Think Stats: Probability and Statistics for Programmers
Think Stats is an introduction to Probability and Statistics for Python programmers. It emphasizes simple techniques you can use to explore real data sets and answer interesting questions. This book presents a case study using data from the National Institutes of Health. Readers are encouraged to work on a project with real datasets.
If you have basic skills in Python, you can use them to learn concepts in probability and statistics. Think Stats is based on a Python library for probability distributions (PMFs and CDFs). Many of the exercises use short programs to run experiments and help readers develop understanding.
Most introductory books don’t cover Bayesian statistics, but Think Stats is based on the idea that Bayesian methods are too important to postpone. By taking advantage of the PMF and CDF libraries, it is possible for beginners to learn the concepts and solve challenging problems.
It takes a computational approach, which has several advantages:
- Students write programs as a way of developing and testing their understanding. For example, they write functions to compute a least squares fit, residuals, and the coefficient of determination. Writing and testing this code requires them to understand the concepts and implicitly corrects misunderstandings.
- Students run experiments to test statistical behavior. For example, they explore the Central Limit Theorem (CLT) by generating samples from several distributions. When they see that the sum of values from a Pareto distribution doesn’t converge to normal, they remember the assumptions the CLT is based on.

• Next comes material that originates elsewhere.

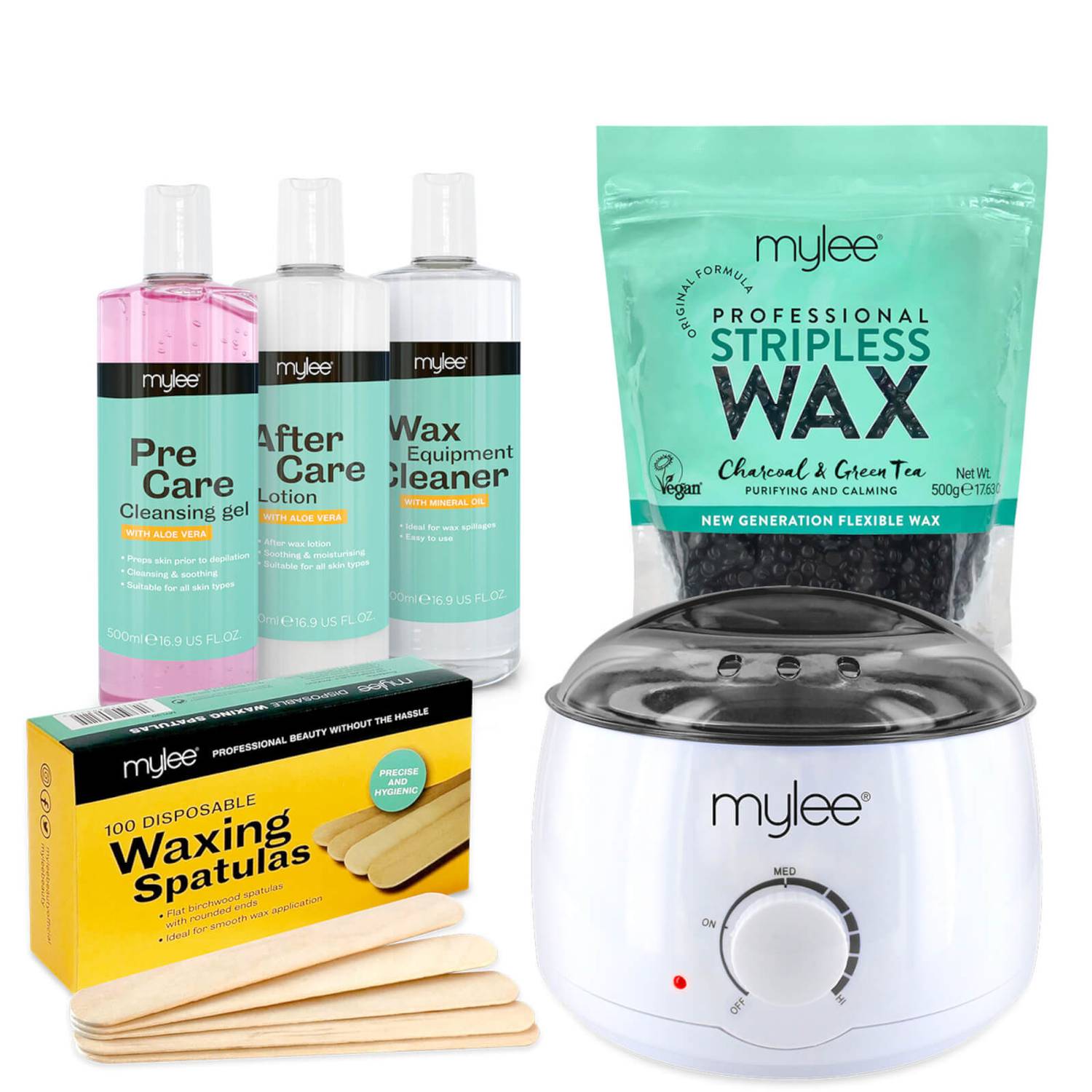 Mylee Charcoal and Green Tea Stripless Wax Kit (Worth £62.50)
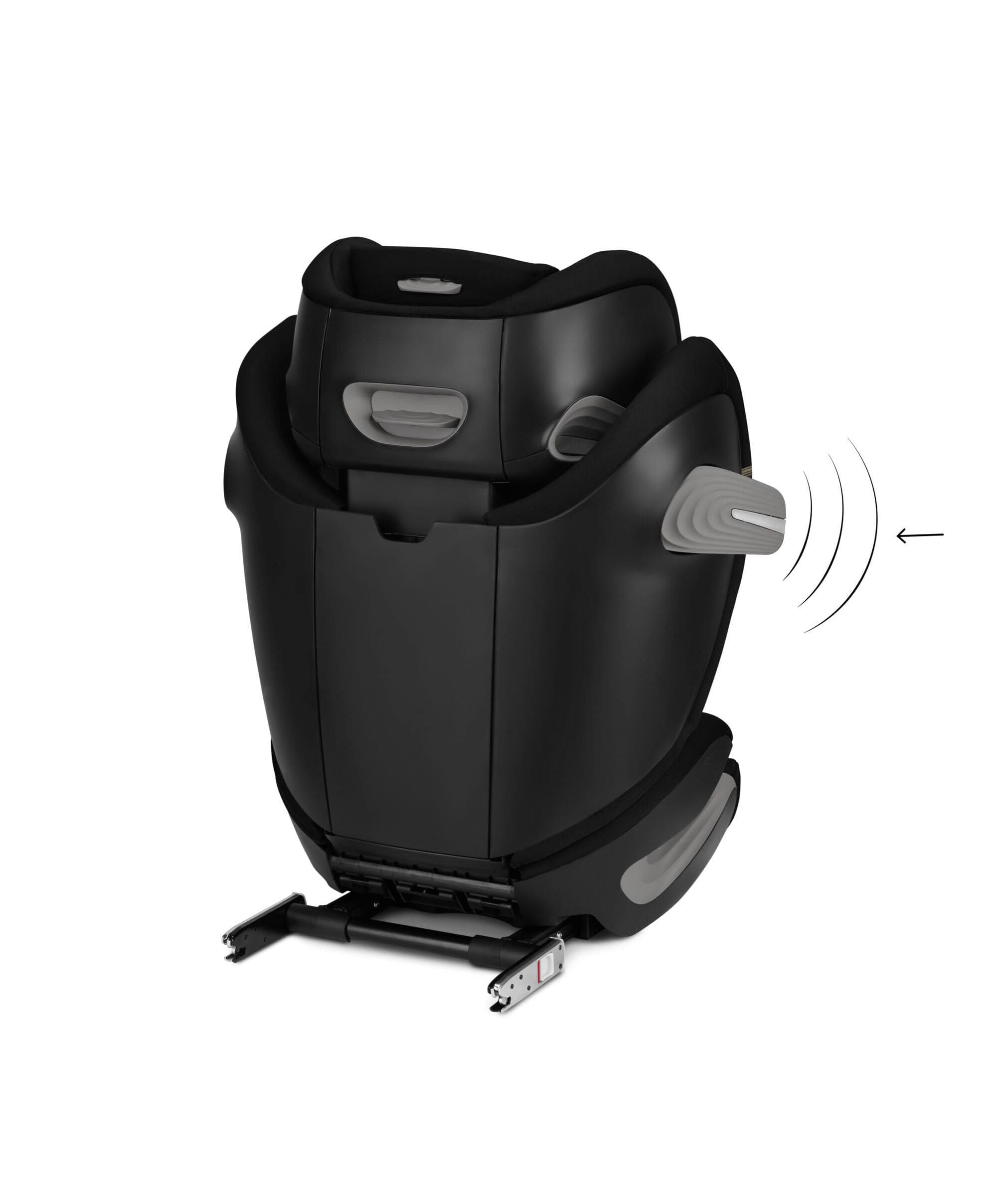 Cybex Solution S2 I-FIX Car Seat - Moon Black – Mamas & Papas UK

- Some ideas that are hard to grasp mathematically are easy to understand by simulation. For example, we approximate p-values by running Monte Carlo simulations, which reinforces the meaning of the p-value.
- Using discrete distributions and computation makes it possible to present topics like Bayesian estimation that are not usually covered in an introductory class. For example, one exercise asks students to compute the posterior distribution for the ‘German tank problem,’ which is difficult analytically but surprisingly easy computationally.
- Because students work in a general-purpose programming language (Python), they are able to import data from almost any source. They are not limited to data that has been cleaned and formatted for a particular statistics tool.